Cumhuriyet kararı çok önemli ve değerli

- Cumhuriyet gazetesi, Cumhurbaşkanı Abdullah Gül’ün 1995 yılında Guardian gazetesine verdiği, artık Cumhuriyetin sonunun geldiği ve laik sistemi değiştirmeyi hedefledikleri yolundaki demecini yayımladığı için yayın durdurma kararını götürdüğü Avrupa İnsan Hakları Mahkemesi (AİHM) bunun “ifade ve basın özgürlüğünün ağır ihlali” olduğu biçiminde yorumladı ve oybirliğiyle Türkiye’yi mahkûm etme kararı aldı. Bunu nasıl karşıladınız?
Ü.K.- Bu çok önemli ve değerli bir karar. İleriye yönelik de çok önemli bir dayanak teşkil edecektir. Bu sadece bu karar açısından önem taşımıyor. Hafızaları tazelemesi bakımından da önemli. Çünkü Başbakan’ın zamanında, “Hem laik hem Müslüman olunmaz”, “Demokrasi amaç hasıl olunca ineceğin bir tramvaydır” gibi ifadeleri unutuluyor.
O zaman Cumhurbaşkanımız, “Türkiye’de Cumhuriyetin sonu geldi.
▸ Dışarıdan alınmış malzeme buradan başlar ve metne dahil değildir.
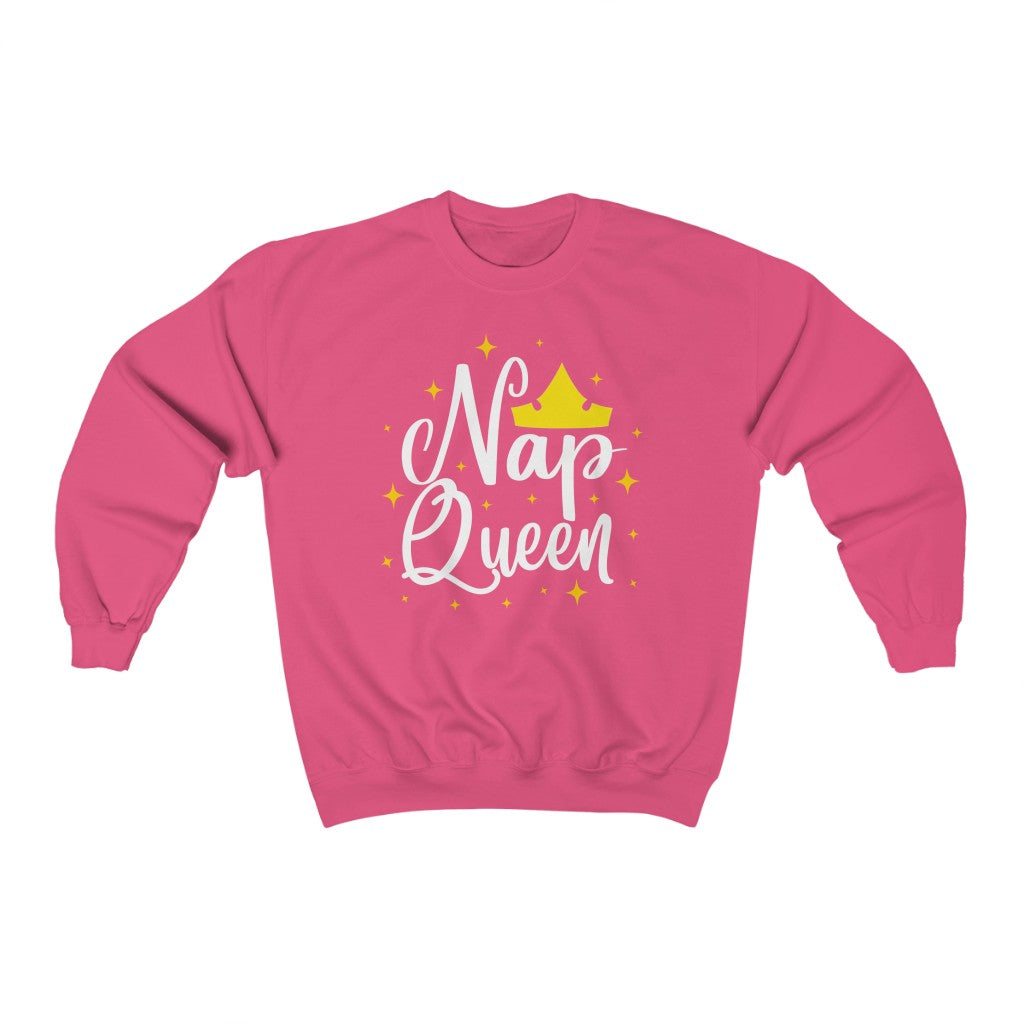 Nap Queen Aurora Princess Crewneck Sweatshirt - The Bold Designer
Biz kesinlikle laik sistemi değiştirmek istiyoruz” dedi. Şimdi o demokrasi nutuklarının, paketlerin ne kadar hikâye olduğunu, asıl hedeflerinin Cumhuriyeti yıkmak, laikliği ortadan kaldırmak olduğunu bundan daha iyi ifade eden bir şey olamaz.
Öte yandan karar AİHM’nin zaten öteden beri basın özgürlüğüyle ilgili kararlarıyla tam uyum içinde. Demokrasiden söz ederek demokrat olunmaz. Uygulamalar önemli. Bir demokrasiyi diktatörlükten ayıran en önemli husus denetimdir. İstikrar deniyor. Mesele istikrarsa en istikrarlı sistem diktatörlüktür. Ne seçim, ne tartışma, ne farklı fikir vardır diktatörlüklerde. Demokrasi ise kuvvetler ayrılığına dayalı bir denetim rejimidir.
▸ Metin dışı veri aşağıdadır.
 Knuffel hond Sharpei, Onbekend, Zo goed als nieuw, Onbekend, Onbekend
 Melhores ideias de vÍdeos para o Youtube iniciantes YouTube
Orada siyasi, toplumsal ve yargısal denetimdir. Siyasi denetimi muhalefet, toplumsal denetimi bağımsız medya, yargısal denetim de millet adına bağımsız ve tarafsız yargı tarafından yapılır. Medyanın önemi toplum adına toplumsal denetimi gerçekleştirmektir.

Pakette basın özgürlüğü yok

- İyi de hükümetin demokratikleşme paketinde basın ve ifade özgürlüğüyle ilgili hiçbir atıf olmamasını nasıl değerlendiriyorsunuz?
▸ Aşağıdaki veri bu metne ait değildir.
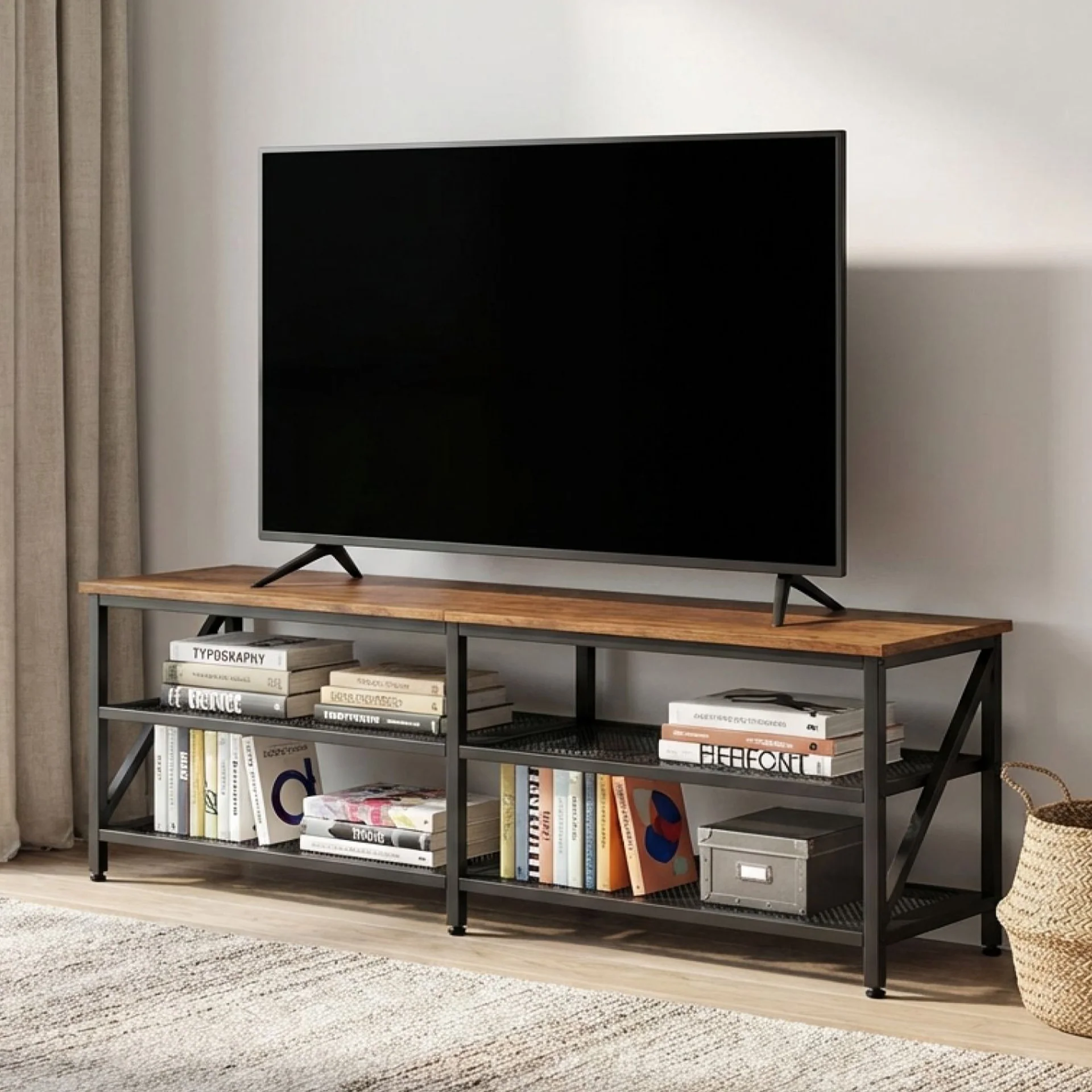 Gambia 1.6m Entertainment Unit - Rustic Brown - Image 2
Ü.K.- Onlar yok ama kamuda, okullarda türbana özgürlük var. AİHM’nin İsviçre’deki Dahlap kararına baksınlar. Kararda, öğretmenin başörtüsüyle ilgili olarak şunu söylüyor: “Bu bir özgürlük meselesi değildir. Devletin eğitimde tarafsız olması gerekir. Tarafsız olması gereken, devleti temsil eden öğretmenlerin de hiçbir siyasi ya da dini simgeyi taşımaması tarafsızlığın hem gereği hem de okulların çatışma alanı olmaması, orada barış tesis edilmesinin vazgeçilmez unsurudur.”
AİHM bu kararları alıyor ama bu siyasi iktidarın bunlara uyma yönünde herhangi bir niyeti söz konusu değil. Demokrasi paketi diyorlar. Ama bu zihniyetten hiçbir şekilde demokrasi geleceğine inanmıyorum. Bu pakette ne basın özgürlüğüyle, ne toplantı ve gösteri yürüyüşleriyle ilgili özgürlükler ne terörle mücadele kanununun değiştirilmesiyle ilgili herhangi ibare yok.
Parasız eğitim istediği için pankart açan öğrenciler terör örgütü üyesi olmaktan ceza alıyorsa, en masum gösteriler en sert polis müdahalesiyle karşılaşıp insanlar yaralanıyor, polis marifetiyle öldürülüyorsa ve polisin bütün bu yaptıkları cezai takibata uğramak yerine Başbakan tarafından, “Polisimiz destan yazdı” diye taltif ediliyorsa bu zihniyetten demokrasi filan çıkmaz.